Pour ceux qui ne connaissent pas qu’est-ce que cela signifie ? D’abord des termes barbares (j’en connais à qui cela va rappeler des souvenirs) : processus, procédures, roue de Deming ou boucle continue d’amélioration. Il y a des pilotes de processus et d’activités, des revues et des audits.
Ces derniers sont redoutés même si l’on nous rebat les oreilles que l’auditeur n’attend pas que l’on invente l’eau chaude. « Vous faites comme d’habitude ». Mon oeil ! Il faut quand même ranger la documentation manuscrite et les notes personnelles dont la fiabilité n’est pas avérée, savoir consulter la base de suivi des indicateurs, expliquer la couleur des flèches, décrire la tendance.

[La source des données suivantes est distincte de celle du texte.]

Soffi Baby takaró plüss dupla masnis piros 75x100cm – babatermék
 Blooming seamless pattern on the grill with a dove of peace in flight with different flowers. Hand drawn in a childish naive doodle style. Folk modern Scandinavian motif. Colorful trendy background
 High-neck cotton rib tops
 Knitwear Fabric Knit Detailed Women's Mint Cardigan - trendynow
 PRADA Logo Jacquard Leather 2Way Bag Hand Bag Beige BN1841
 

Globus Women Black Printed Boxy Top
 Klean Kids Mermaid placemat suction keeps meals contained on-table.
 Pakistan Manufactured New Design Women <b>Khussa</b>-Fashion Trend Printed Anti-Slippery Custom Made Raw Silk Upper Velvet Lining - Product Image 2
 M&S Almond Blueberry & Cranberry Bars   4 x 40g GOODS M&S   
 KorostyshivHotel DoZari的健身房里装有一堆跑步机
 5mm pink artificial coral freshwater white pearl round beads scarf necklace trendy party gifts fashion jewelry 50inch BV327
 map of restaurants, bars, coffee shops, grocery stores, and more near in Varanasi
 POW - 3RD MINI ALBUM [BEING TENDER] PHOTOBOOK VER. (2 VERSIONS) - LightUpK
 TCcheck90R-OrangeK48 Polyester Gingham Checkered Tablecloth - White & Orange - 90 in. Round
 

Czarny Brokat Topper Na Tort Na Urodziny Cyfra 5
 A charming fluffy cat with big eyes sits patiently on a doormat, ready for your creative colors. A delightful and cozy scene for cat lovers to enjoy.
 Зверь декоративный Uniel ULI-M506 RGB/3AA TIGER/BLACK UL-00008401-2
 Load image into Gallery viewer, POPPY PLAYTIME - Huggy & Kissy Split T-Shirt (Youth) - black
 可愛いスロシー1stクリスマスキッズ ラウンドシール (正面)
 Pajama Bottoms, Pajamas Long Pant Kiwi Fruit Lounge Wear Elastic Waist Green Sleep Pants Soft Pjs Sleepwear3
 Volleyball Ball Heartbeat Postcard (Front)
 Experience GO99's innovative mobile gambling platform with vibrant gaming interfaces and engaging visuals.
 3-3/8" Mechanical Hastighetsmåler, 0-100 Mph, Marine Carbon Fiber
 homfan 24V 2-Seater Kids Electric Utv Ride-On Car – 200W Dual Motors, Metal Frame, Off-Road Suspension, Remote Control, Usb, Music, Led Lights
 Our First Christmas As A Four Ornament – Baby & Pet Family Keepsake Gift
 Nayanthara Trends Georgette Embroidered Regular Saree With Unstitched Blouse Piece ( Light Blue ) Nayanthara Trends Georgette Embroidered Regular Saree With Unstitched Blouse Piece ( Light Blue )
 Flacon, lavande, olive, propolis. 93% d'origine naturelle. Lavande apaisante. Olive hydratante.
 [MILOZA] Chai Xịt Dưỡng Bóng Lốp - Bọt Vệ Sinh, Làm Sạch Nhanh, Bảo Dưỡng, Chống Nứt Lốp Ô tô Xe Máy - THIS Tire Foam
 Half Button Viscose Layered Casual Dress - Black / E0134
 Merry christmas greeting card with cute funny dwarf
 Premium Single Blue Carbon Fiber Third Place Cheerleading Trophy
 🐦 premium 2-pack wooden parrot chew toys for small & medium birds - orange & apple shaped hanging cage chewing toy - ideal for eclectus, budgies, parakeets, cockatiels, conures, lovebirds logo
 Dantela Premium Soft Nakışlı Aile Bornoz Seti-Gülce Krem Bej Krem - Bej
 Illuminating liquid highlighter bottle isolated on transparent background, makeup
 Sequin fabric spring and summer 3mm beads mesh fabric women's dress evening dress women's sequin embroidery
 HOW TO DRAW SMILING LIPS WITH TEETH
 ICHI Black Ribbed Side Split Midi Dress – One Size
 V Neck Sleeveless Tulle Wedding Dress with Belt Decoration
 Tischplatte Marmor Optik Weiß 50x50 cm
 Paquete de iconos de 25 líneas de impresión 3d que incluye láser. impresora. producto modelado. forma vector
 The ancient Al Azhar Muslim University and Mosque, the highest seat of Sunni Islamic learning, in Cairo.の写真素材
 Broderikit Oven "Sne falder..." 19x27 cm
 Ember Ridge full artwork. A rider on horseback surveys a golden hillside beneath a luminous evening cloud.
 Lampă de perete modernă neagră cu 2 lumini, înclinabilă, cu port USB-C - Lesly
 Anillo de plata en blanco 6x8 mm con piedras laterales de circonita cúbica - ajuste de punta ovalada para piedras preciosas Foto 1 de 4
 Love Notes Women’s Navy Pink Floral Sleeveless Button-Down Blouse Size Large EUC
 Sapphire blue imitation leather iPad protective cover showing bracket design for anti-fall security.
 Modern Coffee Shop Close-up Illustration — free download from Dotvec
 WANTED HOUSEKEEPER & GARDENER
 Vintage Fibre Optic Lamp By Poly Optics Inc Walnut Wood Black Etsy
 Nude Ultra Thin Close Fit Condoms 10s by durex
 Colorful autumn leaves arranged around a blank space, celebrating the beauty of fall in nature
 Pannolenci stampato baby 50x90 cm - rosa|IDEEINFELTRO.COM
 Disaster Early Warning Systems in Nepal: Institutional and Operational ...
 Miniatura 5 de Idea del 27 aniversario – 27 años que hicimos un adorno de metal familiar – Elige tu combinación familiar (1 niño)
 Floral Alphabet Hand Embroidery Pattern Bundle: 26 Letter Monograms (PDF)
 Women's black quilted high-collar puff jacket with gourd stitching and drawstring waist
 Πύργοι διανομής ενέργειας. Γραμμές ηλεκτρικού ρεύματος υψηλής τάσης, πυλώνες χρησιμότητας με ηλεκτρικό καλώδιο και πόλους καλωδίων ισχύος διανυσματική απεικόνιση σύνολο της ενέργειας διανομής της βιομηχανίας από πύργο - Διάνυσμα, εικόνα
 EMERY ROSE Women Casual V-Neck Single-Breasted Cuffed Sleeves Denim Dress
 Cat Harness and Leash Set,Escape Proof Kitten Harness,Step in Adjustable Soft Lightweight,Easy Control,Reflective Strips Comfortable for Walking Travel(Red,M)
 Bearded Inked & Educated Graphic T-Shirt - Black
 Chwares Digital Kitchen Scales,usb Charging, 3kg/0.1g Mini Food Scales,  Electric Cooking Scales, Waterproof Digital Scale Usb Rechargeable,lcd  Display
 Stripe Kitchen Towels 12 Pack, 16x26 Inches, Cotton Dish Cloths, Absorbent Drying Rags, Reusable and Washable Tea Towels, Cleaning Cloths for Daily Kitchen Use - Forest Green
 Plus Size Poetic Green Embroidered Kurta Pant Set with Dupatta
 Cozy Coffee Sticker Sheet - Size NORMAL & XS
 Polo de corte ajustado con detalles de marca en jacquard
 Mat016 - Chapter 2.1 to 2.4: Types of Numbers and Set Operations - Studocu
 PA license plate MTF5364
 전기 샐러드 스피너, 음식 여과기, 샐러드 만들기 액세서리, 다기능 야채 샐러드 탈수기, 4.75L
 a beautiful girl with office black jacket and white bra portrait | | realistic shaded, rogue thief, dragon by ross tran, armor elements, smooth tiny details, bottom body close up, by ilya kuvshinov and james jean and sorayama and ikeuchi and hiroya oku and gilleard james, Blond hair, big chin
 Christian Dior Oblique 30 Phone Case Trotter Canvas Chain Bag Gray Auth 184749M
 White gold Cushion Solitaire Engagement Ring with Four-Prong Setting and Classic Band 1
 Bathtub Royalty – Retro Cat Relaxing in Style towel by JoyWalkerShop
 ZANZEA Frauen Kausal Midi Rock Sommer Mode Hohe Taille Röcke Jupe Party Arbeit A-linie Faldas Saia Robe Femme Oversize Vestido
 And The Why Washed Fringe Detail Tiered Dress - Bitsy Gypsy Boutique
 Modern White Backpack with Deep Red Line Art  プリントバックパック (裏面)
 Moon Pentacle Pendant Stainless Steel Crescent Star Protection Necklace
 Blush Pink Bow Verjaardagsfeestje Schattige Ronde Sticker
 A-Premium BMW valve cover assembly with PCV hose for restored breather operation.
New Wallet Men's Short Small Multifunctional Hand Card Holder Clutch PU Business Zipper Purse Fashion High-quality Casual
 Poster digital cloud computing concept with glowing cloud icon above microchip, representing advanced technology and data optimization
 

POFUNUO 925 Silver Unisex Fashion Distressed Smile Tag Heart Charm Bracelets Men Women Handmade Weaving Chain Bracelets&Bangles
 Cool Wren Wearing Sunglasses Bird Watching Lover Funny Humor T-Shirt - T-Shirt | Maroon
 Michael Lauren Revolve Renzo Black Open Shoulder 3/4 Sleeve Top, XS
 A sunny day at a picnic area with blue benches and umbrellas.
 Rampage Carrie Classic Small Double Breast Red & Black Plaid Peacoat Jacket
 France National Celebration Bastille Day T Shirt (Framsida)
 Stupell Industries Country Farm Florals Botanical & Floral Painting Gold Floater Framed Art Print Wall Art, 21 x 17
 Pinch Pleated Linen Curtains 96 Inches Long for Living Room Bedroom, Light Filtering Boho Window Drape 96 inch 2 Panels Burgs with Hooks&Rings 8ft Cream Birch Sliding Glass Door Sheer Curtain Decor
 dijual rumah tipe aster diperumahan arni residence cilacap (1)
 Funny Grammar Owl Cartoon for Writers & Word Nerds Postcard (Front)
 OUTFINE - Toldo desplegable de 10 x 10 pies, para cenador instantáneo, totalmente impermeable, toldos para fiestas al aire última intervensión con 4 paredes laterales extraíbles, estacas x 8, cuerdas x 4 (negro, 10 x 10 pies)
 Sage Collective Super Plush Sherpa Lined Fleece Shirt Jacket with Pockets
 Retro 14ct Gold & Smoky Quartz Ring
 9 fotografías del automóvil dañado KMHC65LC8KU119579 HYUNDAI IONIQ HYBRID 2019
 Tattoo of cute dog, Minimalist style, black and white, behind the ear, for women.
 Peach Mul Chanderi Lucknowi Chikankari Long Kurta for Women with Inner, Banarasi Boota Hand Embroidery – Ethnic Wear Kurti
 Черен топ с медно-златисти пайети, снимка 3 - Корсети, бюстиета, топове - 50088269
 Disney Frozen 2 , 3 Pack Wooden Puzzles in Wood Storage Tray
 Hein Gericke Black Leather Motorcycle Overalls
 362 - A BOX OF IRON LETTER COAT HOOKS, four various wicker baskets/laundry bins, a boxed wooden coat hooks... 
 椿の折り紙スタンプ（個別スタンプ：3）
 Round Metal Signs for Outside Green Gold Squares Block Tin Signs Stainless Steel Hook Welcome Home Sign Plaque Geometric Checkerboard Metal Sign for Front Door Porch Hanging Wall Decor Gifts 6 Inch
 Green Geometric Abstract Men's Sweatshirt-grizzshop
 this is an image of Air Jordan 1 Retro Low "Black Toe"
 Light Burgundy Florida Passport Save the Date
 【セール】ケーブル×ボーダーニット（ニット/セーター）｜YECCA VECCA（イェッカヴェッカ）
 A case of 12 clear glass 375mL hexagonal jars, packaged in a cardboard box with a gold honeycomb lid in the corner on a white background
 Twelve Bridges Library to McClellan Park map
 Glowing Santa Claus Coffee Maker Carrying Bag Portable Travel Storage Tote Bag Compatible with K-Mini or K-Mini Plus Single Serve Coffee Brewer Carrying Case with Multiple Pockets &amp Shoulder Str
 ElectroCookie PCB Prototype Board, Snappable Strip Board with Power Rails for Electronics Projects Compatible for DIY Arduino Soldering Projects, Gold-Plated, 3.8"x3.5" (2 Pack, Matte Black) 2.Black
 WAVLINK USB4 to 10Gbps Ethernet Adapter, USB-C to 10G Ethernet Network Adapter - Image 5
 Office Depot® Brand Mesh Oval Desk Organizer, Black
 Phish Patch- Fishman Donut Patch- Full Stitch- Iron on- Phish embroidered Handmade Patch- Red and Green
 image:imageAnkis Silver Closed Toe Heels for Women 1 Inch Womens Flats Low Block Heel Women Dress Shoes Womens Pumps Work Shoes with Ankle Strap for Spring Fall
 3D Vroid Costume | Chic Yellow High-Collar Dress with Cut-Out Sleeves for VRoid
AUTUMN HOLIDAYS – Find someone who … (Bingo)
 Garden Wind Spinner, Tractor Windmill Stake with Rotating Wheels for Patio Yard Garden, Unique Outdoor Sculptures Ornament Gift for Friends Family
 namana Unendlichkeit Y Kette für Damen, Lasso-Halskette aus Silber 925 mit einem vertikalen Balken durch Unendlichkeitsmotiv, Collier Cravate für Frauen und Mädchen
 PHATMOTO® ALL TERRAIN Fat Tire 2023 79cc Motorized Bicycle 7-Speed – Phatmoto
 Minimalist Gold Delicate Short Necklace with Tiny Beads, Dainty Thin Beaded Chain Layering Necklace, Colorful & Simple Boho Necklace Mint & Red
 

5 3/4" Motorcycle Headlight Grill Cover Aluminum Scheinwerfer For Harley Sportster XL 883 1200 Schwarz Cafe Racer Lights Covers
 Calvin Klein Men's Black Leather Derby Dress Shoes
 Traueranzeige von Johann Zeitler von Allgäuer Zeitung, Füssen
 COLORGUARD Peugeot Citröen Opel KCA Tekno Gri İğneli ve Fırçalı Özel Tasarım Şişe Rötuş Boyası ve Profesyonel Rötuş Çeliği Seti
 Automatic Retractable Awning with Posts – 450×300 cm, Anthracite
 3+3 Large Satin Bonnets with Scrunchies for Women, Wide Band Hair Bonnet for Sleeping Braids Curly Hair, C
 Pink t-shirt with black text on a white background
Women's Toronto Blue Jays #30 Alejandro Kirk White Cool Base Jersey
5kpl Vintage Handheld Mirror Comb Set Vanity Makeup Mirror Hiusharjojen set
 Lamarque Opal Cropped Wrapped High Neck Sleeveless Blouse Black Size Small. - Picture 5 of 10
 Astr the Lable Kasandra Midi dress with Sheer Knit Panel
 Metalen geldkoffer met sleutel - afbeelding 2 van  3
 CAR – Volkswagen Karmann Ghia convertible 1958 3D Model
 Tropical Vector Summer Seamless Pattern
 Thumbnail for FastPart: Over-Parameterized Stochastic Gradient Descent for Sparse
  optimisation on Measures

Les smileys sont verts, ouf l’auditeur ne va pas nous titiller. Aie, celui là fait la gueule et a viré au rouge. Pourquoi ? Qu’est-ce que vous faites ? Les questions posées par l’auditeur, auxquelles d’ordinaire vous répondriez sans coup férir, vous plongent dans le désarroi. Pourtant vous le savez mais rien à faire vous vous embourbez dans des explications vaseuses. Un grand moment de solitude !
A la fin de la matinée quand l’auditeur repart, vous êtes vidés. Et les clients dans tout ça, car c’est pour eux après tout que l’on s’escrime, se portent-ils mieux ? J’avoue qu’il m’arrive d’en douter quand je m’adresse à certains organismes qui détiennent pourtant le fameux label. Les discours sont stéréotypés, les temps d’échange minutés mais les réponses pas toujours appropriées.
Je viens de passer un audit, eh oui j’ai décroché la timbale et c’est tombé sur mon service. Avant l’examen de passage j’ai briefé les gens, leur tenant le même discours rassurant pour les déstresser, en espérant secrètement qu’aucun écart ou point sensible ne serait relevé dans mon secteur.